Task - Reproduce all the material verbatim, down to the last line.

Stored data -
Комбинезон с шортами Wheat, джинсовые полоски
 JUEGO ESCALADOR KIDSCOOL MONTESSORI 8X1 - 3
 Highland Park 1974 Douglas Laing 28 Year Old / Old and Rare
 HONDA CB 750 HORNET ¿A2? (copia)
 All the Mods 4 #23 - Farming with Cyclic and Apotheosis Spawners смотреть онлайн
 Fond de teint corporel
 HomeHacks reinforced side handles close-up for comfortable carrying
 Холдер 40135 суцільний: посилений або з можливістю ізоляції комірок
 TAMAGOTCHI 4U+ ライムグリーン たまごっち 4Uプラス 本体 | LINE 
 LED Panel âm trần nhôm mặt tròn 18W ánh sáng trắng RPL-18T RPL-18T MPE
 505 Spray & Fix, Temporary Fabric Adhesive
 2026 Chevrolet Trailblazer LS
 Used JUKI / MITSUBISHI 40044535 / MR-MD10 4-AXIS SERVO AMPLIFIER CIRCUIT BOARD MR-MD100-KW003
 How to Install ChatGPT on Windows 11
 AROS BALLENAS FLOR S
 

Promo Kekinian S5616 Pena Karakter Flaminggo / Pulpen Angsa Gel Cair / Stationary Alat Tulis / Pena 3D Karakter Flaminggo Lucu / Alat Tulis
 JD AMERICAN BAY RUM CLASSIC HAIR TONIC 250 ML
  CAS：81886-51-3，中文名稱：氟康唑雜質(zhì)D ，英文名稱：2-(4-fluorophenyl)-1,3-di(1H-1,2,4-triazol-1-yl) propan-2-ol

Output of the exercise -
Комбинезон с шортами Wheat, джинсовые полоски
 JUEGO ESCALADOR KIDSCOOL MONTESSORI 8X1 - 3
 Highland Park 1974 Douglas Laing 28 Year Old / Old and Rare
 HONDA CB 750 HORNET ¿A2? (copia)
 All the Mods 4 #23 - Farming with Cyclic and Apotheosis Spawners смотреть онлайн
 Fond de teint corporel
 HomeHacks reinforced side handles close-up for comfortable carrying
 Холдер 40135 суцільний: посилений або з можливістю ізоляції комірок
 TAMAGOTCHI 4U+ ライムグリーン たまごっち 4Uプラス 本体 | LINE 
 LED Panel âm trần nhôm mặt tròn 18W ánh sáng trắng RPL-18T RPL-18T MPE
 505 Spray & Fix, Temporary Fabric Adhesive
 2026 Chevrolet Trailblazer LS
 Used JUKI / MITSUBISHI 40044535 / MR-MD10 4-AXIS SERVO AMPLIFIER CIRCUIT BOARD MR-MD100-KW003
 How to Install ChatGPT on Windows 11
 AROS BALLENAS FLOR S
 

Promo Kekinian S5616 Pena Karakter Flaminggo / Pulpen Angsa Gel Cair / Stationary Alat Tulis / Pena 3D Karakter Flaminggo Lucu / Alat Tulis
 JD AMERICAN BAY RUM CLASSIC HAIR TONIC 250 ML
  CAS：81886-51-3，中文名稱：氟康唑雜質(zhì)D ，英文名稱：2-(4-fluorophenyl)-1,3-di(1H-1,2,4-triazol-1-yl) propan-2-ol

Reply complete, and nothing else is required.